Are you the kind of person who closes your office door, eliminates all distractions, and makes sure to focus on your work until you finish the task at hand? You may get high marks for self-discipline--but you're not as productive as you could be. That's the finding from a study by the Draugiem Group, which used a computer application to track the work habits of employees. Although they weren't looking for it, researchers came across an interesting finding, writes author Travis Bradberry in Quartz. 

It turns out certain employees were consistently more productive than their peers, and they weren't the ones who put their heads down and kept working till the job was done. They were the ones who took frequent breaks. Specifically, researchers found, the ideal work rhythm was 52 minutes of work time followed by a 17-minute break, Bradberry explains. He writes:

"For roughly an hour at a time, they were 100 percent dedicated to the task they needed to accomplish. They didn't check Facebook 'real quick' or get distracted by e-mails. When they felt fatigue (again, after about an hour), they took short breaks, during which they completely separated themselves from their work. This helped them to dive back in refreshed for another productive hour of work."

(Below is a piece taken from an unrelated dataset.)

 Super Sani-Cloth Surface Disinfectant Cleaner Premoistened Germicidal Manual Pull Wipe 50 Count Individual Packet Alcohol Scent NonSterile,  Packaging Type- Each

As a result, he says, these frequent-break-takers outshone the competition by getting more done with more focus during their working time. There's a neurological reason for that, Bradberry adds. The human brain naturally works in bursts of high activity that last about an hour, and then it switches to low activity for a while. When that happens, it's in your best interest to take a break. 

The study also found that those who took breaks more often than every hour were less productive than the hourly break-takers, but still more productive than those who worked for longer than an hour with no breaks. That's useful information for anyone who uses the popular Pomodoro Technique, which I do--I'm using it right now to write this article. The Pomodoro Technique calls for work sessions of 25 minutes followed by a five-minute break, with a 15-minute break at least once every two hours. 

Researchers also found evidence of something most of us know from observation: Not all breaks are created equal. To get the full benefit of a break, you must completely disconnect from work. Ideally, stand up from your desk and walk away from your computer. In fact, going for a walk is one of the most effective ways to take a break, Bradberry says. Reading (for pleasure, not work) and chatting with friends or colleagues are also good ways to take a break. Watching YouTube videos? Not so much.

Though you may be tempted, don't fudge the definition of a break, he warns. If your schedule is overloaded (isn't everyone's?) you may want to redefine a "break" as checking your email or returning phone calls. Just don't.

Finally, as Bradberry notes, there's a flip side. You must make sure to really rest when you're taking a break, but if you want the benefit of this approach, you must also really work when you're working. Focus on the task at hand for those 52 minutes and don't slip away to check for that important email, or look at social media, or scan your favorite news site for the latest headlines. If you're not used to working for long stretches without distracting or interrupting yourself, that may seem daunting. It should be easier, though, if you keep in mind that your break time, when you can do whatever you want, is always less than an hour away.